### DIRECTIONS FOR THIS TASK
What is needed is an exact copy of the lines in the entries below from the one holding "Experience the tranquil" through the one holding "Melón vodný Crimson", pictures excluded.

### DATA

+---+

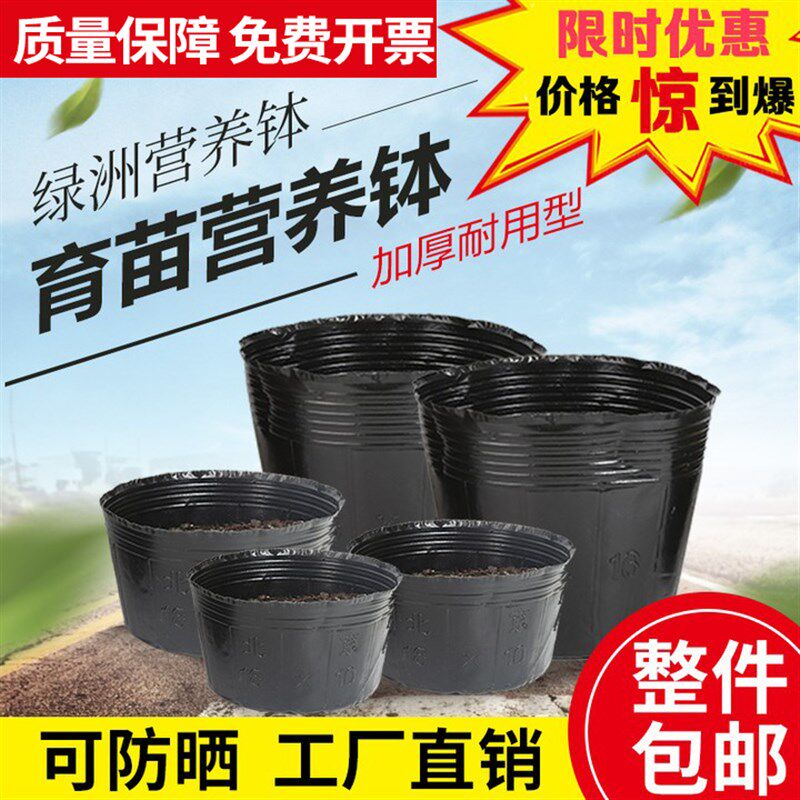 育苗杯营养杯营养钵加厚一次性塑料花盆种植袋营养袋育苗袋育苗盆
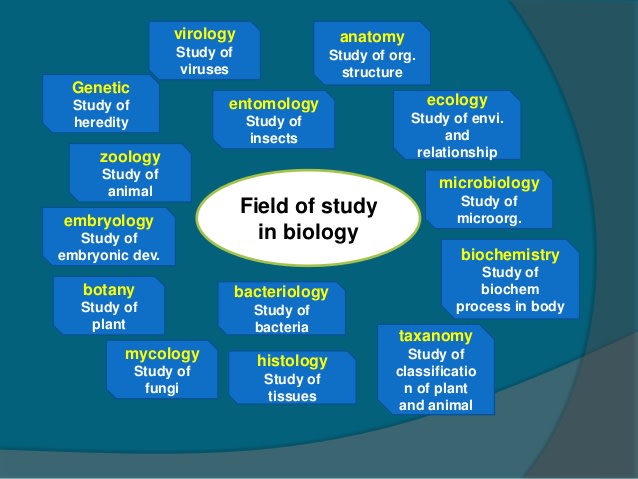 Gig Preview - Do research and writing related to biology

+---+

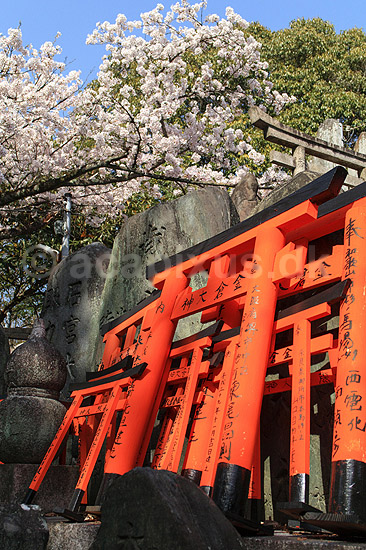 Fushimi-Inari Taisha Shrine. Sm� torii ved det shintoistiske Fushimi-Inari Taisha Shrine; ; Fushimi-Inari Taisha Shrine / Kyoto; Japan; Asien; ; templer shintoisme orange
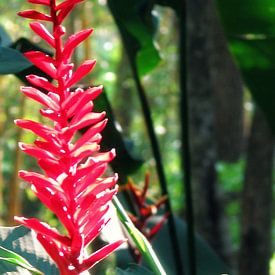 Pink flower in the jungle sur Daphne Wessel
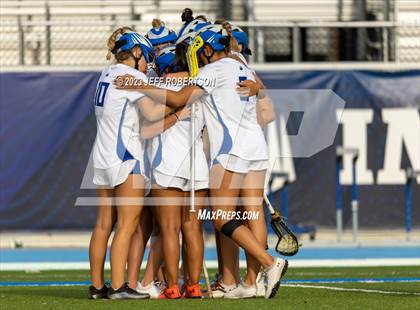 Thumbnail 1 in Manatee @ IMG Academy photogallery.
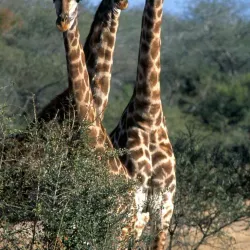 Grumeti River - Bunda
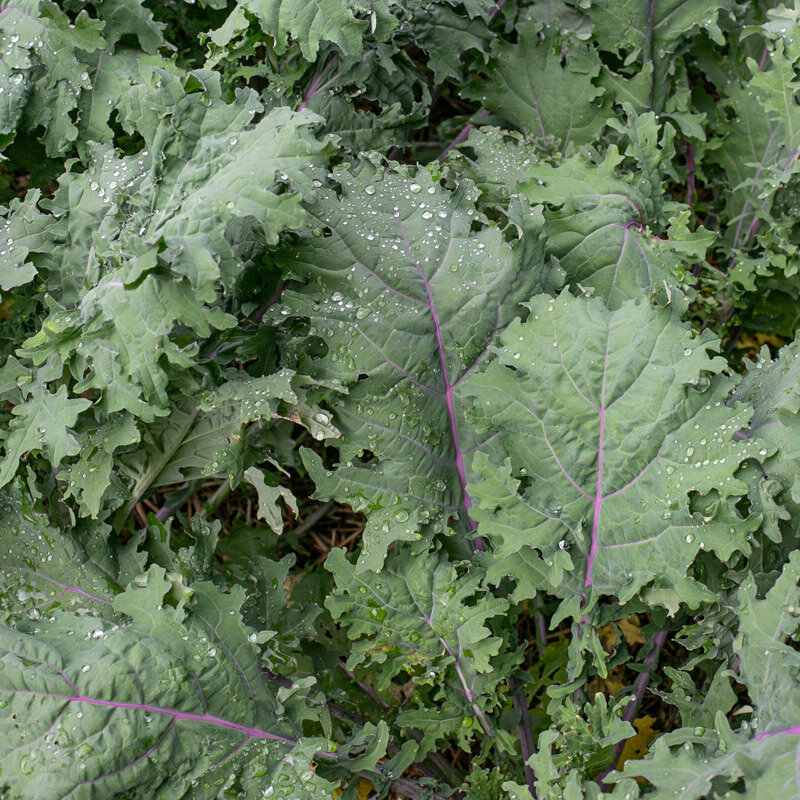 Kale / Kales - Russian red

+---+

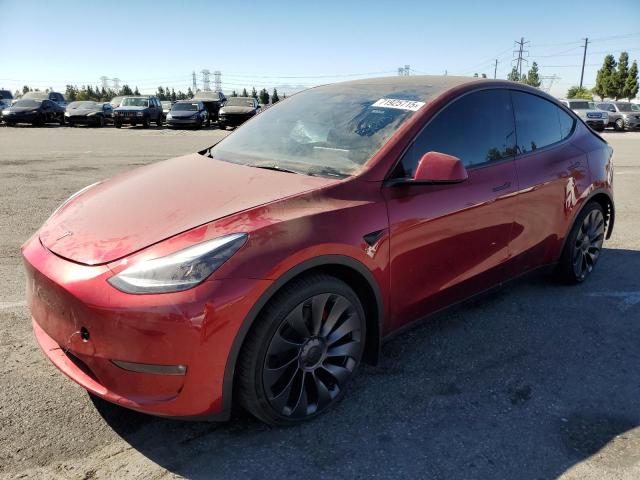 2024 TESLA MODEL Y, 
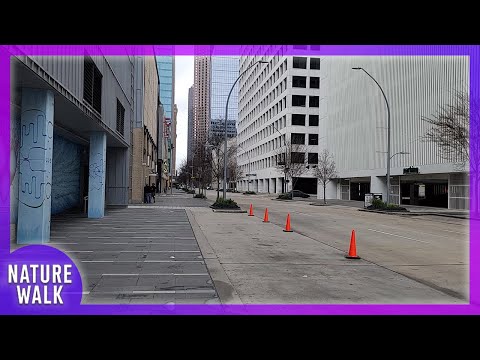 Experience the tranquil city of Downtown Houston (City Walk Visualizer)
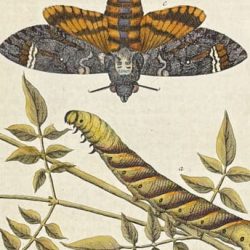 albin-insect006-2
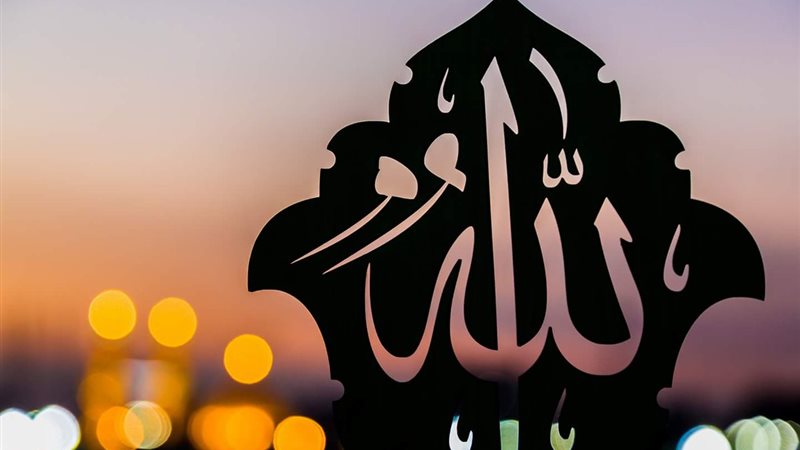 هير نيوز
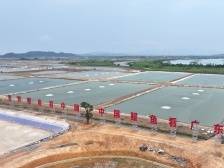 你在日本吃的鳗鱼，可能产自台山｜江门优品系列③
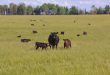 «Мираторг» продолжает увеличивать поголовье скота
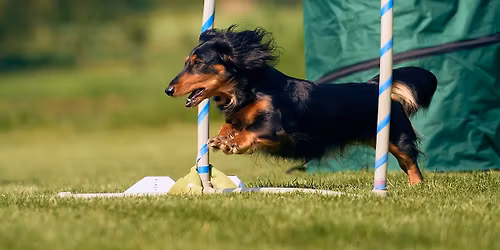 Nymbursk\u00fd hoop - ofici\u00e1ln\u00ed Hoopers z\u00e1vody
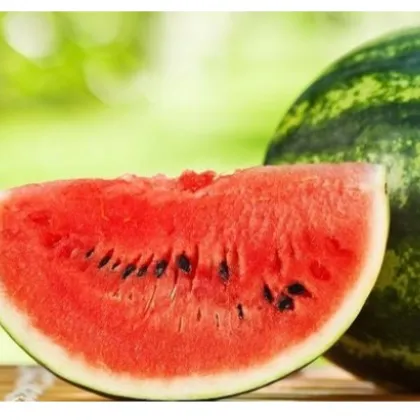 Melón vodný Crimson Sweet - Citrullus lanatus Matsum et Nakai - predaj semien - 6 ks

+---+

### ANSWER SPACE
 Experience the tranquil city of Downtown Houston (City Walk Visualizer)
 albin-insect006-2
 هير نيوز
 你在日本吃的鳗鱼，可能产自台山｜江门优品系列③
 «Мираторг» продолжает увеличивать поголовье скота
 Nymbursk\u00fd hoop - ofici\u00e1ln\u00ed Hoopers z\u00e1vody
 Melón vodný Crimson Sweet - Citrullus lanatus Matsum et Nakai - predaj semien - 6 ks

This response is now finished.